-- Records follows --

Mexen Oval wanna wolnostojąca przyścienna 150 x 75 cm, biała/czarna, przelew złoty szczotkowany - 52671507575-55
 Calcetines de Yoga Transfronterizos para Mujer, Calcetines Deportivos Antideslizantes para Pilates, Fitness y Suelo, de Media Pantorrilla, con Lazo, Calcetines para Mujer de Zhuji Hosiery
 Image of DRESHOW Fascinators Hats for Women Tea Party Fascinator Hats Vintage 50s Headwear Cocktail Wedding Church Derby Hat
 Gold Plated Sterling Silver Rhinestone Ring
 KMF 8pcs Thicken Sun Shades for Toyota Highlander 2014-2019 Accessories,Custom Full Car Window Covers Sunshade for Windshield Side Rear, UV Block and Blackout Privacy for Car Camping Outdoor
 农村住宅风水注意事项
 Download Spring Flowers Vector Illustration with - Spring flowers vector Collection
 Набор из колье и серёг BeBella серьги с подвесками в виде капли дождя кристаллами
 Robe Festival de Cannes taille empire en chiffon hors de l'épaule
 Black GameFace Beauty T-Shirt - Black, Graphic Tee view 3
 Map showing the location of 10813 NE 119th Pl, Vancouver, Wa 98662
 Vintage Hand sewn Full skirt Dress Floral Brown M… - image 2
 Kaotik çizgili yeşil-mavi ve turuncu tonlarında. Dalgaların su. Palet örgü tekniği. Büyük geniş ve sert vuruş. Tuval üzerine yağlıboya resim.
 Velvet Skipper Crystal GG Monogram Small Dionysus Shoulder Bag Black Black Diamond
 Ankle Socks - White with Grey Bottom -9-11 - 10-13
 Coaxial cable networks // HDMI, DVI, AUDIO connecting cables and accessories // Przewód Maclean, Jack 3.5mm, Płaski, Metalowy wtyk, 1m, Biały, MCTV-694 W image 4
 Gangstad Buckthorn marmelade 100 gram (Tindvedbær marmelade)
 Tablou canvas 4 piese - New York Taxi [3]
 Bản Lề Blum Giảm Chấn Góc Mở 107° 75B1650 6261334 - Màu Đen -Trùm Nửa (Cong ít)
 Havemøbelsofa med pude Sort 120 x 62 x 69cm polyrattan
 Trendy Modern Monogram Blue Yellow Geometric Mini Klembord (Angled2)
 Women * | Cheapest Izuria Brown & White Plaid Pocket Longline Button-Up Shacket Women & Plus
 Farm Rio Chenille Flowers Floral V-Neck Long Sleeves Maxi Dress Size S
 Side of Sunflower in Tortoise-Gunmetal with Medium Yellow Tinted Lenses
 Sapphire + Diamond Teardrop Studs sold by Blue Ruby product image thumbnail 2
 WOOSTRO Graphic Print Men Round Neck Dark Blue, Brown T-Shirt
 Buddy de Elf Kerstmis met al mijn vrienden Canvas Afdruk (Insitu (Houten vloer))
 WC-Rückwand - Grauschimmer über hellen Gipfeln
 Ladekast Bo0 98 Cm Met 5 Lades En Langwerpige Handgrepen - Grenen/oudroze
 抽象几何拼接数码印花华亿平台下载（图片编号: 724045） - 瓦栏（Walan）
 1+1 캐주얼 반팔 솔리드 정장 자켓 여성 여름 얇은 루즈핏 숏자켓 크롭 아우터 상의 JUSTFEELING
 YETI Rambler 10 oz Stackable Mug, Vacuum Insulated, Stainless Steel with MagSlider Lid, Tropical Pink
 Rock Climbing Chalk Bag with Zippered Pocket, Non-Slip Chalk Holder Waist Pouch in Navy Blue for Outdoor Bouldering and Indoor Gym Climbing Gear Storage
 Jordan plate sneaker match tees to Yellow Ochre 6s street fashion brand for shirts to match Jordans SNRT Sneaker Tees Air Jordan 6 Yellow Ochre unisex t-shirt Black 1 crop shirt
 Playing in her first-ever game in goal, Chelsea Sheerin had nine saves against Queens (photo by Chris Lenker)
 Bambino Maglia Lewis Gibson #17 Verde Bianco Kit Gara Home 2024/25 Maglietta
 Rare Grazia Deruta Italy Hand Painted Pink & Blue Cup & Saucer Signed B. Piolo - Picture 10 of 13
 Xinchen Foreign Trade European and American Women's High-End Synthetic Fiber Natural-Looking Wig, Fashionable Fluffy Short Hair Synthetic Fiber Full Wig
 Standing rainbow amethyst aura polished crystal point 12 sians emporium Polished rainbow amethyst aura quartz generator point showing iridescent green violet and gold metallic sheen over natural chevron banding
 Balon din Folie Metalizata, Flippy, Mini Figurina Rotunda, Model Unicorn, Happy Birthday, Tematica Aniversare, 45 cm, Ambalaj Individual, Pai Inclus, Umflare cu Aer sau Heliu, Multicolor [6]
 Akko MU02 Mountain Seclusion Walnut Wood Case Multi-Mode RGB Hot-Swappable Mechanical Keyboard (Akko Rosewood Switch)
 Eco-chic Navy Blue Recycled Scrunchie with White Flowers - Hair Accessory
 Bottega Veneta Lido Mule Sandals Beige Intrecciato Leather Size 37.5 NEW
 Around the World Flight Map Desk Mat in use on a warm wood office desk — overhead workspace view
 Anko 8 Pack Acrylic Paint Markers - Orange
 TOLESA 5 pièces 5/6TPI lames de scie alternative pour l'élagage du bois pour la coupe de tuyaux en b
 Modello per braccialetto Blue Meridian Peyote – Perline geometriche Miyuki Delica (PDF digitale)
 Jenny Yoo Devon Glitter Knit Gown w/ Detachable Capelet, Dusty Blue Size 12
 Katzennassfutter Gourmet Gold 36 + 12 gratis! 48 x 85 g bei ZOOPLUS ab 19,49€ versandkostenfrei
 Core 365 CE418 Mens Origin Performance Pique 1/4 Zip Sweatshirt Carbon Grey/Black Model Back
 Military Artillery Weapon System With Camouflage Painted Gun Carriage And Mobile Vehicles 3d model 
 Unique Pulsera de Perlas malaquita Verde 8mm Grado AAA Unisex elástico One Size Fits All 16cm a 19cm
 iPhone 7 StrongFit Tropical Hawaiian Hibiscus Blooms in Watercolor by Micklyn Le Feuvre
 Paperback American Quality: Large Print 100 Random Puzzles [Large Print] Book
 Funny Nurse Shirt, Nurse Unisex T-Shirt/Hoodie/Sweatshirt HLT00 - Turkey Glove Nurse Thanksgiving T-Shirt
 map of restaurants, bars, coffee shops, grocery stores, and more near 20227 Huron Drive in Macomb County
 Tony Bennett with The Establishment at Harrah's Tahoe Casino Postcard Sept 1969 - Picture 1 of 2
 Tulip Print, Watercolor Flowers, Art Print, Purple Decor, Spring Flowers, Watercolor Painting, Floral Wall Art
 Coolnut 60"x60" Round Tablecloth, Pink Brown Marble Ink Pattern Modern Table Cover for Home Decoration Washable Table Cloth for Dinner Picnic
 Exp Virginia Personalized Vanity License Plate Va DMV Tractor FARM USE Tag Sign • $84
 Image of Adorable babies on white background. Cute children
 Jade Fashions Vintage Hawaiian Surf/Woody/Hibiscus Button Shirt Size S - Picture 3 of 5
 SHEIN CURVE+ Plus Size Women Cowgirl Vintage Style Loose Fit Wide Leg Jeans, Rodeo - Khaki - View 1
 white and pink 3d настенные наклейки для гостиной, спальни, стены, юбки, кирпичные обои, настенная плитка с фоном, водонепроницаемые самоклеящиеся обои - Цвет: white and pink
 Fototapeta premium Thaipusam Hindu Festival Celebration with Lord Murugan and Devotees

-- Records concluded --

What this task involves. To answer, report how many lines of the listing contain the word "Neck", as a number with nothing else.

Answer space. 2